* Exercise goal: A single number is the answer: how many lines of the data hold "Proof"?

* Extracted entries:
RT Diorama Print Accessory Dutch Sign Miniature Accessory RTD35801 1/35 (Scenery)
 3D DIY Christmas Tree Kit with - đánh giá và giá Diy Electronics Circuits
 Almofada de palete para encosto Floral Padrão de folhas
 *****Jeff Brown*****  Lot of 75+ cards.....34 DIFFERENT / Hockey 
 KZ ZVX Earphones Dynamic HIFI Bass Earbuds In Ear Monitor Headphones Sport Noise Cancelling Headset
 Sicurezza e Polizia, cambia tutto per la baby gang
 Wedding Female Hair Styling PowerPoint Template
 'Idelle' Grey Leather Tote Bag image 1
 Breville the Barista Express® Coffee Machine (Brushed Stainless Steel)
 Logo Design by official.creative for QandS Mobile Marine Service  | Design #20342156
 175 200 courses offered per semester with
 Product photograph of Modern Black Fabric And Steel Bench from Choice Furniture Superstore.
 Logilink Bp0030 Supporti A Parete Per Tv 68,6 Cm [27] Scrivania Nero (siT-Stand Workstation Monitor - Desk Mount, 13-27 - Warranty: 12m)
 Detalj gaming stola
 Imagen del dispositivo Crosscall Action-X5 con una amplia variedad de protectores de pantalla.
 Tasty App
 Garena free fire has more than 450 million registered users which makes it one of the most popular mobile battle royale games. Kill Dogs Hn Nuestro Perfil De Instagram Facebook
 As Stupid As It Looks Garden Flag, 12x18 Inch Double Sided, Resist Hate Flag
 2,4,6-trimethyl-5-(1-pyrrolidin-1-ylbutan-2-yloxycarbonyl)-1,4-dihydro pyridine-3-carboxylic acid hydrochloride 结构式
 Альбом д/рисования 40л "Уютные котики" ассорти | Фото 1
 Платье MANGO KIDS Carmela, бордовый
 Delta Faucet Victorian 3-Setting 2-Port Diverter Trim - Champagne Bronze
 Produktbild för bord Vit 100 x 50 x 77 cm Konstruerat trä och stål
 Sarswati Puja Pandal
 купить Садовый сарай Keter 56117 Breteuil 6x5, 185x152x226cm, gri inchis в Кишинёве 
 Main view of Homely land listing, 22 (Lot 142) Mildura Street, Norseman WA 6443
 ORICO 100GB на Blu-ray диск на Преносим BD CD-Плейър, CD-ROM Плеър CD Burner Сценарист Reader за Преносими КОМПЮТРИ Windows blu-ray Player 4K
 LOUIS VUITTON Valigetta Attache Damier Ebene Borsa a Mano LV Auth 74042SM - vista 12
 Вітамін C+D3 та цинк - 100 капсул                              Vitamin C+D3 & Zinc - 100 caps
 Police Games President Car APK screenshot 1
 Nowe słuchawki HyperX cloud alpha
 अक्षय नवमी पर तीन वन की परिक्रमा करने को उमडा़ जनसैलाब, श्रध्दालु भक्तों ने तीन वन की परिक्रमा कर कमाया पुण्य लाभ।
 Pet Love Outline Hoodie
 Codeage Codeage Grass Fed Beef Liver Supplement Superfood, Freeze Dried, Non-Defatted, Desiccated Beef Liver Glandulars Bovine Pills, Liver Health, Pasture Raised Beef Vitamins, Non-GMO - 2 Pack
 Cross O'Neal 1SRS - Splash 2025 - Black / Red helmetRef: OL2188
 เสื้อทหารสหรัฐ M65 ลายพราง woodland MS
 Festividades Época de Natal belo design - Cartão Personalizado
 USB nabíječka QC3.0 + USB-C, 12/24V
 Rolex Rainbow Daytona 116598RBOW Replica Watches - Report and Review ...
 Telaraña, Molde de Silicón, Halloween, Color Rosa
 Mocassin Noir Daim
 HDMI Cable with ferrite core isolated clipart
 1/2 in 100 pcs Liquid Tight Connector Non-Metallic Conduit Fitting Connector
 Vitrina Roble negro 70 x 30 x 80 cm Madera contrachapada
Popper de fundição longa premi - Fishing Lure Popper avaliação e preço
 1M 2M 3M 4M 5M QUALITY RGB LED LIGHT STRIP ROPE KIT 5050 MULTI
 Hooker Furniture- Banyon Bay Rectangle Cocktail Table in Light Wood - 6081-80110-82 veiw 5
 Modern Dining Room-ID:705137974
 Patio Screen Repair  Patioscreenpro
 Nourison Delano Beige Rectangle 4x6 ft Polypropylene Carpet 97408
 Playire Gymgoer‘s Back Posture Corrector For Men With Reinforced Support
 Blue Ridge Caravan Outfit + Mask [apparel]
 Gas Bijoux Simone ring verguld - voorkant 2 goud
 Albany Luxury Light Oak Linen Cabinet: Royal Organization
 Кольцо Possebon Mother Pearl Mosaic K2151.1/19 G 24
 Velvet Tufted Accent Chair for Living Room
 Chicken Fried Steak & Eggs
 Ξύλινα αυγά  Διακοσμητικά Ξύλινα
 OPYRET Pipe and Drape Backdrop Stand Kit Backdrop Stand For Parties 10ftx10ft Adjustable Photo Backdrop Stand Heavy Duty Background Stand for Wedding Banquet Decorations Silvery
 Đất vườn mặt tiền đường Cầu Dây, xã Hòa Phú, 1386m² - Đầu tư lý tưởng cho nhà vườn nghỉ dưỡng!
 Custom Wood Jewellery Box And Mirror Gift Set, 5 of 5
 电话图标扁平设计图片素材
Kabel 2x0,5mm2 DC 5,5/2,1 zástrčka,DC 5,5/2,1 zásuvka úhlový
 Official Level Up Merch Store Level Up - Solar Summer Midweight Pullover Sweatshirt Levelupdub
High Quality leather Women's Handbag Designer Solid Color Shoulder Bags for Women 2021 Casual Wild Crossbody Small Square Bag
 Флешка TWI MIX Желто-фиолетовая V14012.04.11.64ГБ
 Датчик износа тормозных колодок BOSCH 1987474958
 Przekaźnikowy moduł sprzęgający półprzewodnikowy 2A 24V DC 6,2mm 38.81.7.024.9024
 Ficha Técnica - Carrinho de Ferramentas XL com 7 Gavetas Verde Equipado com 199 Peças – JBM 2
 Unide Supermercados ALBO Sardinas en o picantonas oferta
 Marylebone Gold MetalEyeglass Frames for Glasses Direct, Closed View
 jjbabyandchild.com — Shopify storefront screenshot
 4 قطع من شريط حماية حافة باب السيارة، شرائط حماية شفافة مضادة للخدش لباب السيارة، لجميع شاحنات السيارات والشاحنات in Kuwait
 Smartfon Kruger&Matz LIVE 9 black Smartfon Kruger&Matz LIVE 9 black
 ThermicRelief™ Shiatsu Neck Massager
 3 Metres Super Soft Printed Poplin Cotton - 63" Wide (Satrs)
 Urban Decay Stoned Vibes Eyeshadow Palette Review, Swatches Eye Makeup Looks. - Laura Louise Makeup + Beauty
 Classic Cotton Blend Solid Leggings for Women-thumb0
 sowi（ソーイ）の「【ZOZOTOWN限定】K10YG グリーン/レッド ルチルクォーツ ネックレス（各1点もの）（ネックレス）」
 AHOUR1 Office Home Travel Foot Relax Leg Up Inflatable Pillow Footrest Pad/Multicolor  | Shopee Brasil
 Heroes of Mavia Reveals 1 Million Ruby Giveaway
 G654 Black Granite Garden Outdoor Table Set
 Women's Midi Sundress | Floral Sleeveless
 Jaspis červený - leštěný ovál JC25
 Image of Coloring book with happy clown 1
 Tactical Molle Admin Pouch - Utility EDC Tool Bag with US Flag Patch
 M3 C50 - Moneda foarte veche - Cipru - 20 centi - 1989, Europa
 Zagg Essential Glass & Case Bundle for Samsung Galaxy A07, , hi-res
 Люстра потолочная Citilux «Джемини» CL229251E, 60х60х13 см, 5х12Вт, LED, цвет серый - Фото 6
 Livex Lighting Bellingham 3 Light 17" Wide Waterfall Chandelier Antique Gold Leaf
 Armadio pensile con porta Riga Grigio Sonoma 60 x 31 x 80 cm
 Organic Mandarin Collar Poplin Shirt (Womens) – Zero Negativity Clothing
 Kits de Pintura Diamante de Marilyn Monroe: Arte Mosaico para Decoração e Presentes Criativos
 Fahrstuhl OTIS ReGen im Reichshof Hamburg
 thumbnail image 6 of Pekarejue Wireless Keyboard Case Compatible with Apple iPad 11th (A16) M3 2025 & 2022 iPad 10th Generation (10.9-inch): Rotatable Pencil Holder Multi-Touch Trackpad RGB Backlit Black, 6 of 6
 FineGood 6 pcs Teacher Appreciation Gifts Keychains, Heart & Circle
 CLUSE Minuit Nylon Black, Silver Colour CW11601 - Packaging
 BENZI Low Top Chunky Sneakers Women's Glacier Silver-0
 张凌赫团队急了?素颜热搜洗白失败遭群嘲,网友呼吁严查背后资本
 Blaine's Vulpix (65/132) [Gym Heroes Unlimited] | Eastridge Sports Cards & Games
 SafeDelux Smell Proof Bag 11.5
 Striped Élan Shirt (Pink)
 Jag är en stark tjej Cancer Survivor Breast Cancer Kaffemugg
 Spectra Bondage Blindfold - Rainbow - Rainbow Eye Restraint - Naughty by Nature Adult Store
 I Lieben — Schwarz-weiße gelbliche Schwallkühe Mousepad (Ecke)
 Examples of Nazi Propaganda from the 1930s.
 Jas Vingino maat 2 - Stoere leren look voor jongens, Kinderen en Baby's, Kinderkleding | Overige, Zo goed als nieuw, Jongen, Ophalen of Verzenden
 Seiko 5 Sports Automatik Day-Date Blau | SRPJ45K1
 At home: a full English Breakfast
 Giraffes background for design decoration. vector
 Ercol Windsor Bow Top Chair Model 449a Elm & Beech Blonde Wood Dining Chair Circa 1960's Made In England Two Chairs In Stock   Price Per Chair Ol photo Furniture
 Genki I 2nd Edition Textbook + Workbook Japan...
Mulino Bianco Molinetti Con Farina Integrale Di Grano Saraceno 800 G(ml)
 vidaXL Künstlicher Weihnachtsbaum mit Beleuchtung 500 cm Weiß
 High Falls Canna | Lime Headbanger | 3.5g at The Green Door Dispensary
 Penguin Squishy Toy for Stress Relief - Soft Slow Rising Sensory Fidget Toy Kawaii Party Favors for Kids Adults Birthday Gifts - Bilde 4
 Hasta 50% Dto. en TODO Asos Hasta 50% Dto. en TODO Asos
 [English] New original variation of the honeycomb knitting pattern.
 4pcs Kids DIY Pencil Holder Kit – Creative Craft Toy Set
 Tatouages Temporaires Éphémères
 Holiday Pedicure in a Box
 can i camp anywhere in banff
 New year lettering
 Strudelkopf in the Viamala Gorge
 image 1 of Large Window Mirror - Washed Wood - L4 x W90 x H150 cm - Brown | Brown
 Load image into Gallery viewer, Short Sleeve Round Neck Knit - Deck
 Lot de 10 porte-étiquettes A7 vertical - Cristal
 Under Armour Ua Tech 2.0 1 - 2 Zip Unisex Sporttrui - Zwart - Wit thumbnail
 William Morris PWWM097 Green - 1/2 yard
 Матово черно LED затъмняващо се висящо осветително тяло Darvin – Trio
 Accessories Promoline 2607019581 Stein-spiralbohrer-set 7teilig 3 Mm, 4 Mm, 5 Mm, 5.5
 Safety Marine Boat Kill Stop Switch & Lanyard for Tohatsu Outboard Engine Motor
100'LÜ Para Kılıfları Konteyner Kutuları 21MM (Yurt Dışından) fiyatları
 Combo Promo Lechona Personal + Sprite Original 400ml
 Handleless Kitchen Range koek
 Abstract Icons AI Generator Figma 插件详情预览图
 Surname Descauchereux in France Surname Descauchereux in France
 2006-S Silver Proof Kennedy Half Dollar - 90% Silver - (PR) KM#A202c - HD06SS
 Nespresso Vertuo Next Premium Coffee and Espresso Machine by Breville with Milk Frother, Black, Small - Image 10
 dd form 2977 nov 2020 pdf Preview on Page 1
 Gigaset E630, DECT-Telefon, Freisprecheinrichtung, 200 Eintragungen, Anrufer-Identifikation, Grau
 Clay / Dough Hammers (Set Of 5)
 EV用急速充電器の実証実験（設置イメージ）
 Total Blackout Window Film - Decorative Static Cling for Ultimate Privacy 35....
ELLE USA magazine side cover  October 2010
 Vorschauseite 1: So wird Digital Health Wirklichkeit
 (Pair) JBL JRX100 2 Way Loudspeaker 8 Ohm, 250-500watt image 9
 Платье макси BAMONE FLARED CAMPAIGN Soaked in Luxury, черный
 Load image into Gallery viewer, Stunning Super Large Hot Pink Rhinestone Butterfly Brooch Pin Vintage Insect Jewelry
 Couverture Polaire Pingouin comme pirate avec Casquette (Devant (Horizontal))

* Solution for this exercise: 2